* **PROMPT**:
Could you please retype all of the entries exactly as they appear?

* **RECORD EXTRACTS**:
***
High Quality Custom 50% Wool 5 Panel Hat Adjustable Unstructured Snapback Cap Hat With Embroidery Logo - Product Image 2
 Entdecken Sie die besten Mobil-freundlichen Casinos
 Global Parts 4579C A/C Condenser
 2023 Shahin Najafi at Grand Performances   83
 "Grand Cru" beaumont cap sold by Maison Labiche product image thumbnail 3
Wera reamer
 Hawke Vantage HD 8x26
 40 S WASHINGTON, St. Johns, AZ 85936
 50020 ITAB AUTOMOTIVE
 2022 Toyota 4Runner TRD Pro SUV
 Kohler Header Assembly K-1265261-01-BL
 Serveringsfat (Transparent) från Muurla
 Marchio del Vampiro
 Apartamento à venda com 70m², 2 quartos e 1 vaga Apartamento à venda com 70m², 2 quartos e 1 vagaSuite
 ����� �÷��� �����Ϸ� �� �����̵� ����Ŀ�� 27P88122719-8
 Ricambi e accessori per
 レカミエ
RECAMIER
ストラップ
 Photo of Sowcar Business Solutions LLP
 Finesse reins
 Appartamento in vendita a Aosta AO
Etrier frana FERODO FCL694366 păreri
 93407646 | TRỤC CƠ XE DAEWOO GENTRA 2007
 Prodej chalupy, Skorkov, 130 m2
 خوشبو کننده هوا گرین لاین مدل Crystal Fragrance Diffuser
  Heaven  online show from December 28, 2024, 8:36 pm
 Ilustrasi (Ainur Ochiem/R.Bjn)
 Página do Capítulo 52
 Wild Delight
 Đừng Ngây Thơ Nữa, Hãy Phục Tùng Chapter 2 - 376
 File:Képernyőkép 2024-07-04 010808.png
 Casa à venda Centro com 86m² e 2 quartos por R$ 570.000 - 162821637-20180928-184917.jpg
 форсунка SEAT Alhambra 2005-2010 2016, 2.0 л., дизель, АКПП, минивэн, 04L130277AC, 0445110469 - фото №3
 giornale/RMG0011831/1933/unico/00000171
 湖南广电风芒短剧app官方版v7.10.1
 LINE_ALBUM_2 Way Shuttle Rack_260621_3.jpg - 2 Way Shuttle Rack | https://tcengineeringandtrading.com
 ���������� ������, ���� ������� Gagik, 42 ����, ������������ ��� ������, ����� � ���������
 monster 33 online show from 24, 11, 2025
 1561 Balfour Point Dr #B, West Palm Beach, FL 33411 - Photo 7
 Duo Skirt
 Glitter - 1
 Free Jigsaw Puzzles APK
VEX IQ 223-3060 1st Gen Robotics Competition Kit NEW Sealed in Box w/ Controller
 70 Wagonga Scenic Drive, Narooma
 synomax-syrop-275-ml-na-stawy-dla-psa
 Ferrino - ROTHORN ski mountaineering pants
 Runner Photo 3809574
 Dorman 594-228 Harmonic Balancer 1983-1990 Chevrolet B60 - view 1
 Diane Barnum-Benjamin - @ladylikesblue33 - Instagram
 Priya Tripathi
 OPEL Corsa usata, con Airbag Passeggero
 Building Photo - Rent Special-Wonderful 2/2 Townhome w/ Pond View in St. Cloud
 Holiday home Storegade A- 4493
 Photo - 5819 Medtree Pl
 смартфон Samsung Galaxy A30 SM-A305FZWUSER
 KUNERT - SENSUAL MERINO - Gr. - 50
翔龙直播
***
* **EXPECTED ANSWER**:
High Quality Custom 50% Wool 5 Panel Hat Adjustable Unstructured Snapback Cap Hat With Embroidery Logo - Product Image 2
 Entdecken Sie die besten Mobil-freundlichen Casinos
 Global Parts 4579C A/C Condenser
 2023 Shahin Najafi at Grand Performances   83
 "Grand Cru" beaumont cap sold by Maison Labiche product image thumbnail 3
Wera reamer
 Hawke Vantage HD 8x26
 40 S WASHINGTON, St. Johns, AZ 85936
 50020 ITAB AUTOMOTIVE
 2022 Toyota 4Runner TRD Pro SUV
 Kohler Header Assembly K-1265261-01-BL
 Serveringsfat (Transparent) från Muurla
 Marchio del Vampiro
 Apartamento à venda com 70m², 2 quartos e 1 vaga Apartamento à venda com 70m², 2 quartos e 1 vagaSuite
 ����� �÷��� �����Ϸ� �� �����̵� ����Ŀ�� 27P88122719-8
 Ricambi e accessori per
 レカミエ
RECAMIER
ストラップ
 Photo of Sowcar Business Solutions LLP
 Finesse reins
 Appartamento in vendita a Aosta AO
Etrier frana FERODO FCL694366 păreri
 93407646 | TRỤC CƠ XE DAEWOO GENTRA 2007
 Prodej chalupy, Skorkov, 130 m2
 خوشبو کننده هوا گرین لاین مدل Crystal Fragrance Diffuser
  Heaven  online show from December 28, 2024, 8:36 pm
 Ilustrasi (Ainur Ochiem/R.Bjn)
 Página do Capítulo 52
 Wild Delight
 Đừng Ngây Thơ Nữa, Hãy Phục Tùng Chapter 2 - 376
 File:Képernyőkép 2024-07-04 010808.png
 Casa à venda Centro com 86m² e 2 quartos por R$ 570.000 - 162821637-20180928-184917.jpg
 форсунка SEAT Alhambra 2005-2010 2016, 2.0 л., дизель, АКПП, минивэн, 04L130277AC, 0445110469 - фото №3
 giornale/RMG0011831/1933/unico/00000171
 湖南广电风芒短剧app官方版v7.10.1
 LINE_ALBUM_2 Way Shuttle Rack_260621_3.jpg - 2 Way Shuttle Rack | https://tcengineeringandtrading.com
 ���������� ������, ���� ������� Gagik, 42 ����, ������������ ��� ������, ����� � ���������
 monster 33 online show from 24, 11, 2025
 1561 Balfour Point Dr #B, West Palm Beach, FL 33411 - Photo 7
 Duo Skirt
 Glitter - 1
 Free Jigsaw Puzzles APK
VEX IQ 223-3060 1st Gen Robotics Competition Kit NEW Sealed in Box w/ Controller
 70 Wagonga Scenic Drive, Narooma
 synomax-syrop-275-ml-na-stawy-dla-psa
 Ferrino - ROTHORN ski mountaineering pants
 Runner Photo 3809574
 Dorman 594-228 Harmonic Balancer 1983-1990 Chevrolet B60 - view 1
 Diane Barnum-Benjamin - @ladylikesblue33 - Instagram
 Priya Tripathi
 OPEL Corsa usata, con Airbag Passeggero
 Building Photo - Rent Special-Wonderful 2/2 Townhome w/ Pond View in St. Cloud
 Holiday home Storegade A- 4493
 Photo - 5819 Medtree Pl
 смартфон Samsung Galaxy A30 SM-A305FZWUSER
 KUNERT - SENSUAL MERINO - Gr. - 50
翔龙直播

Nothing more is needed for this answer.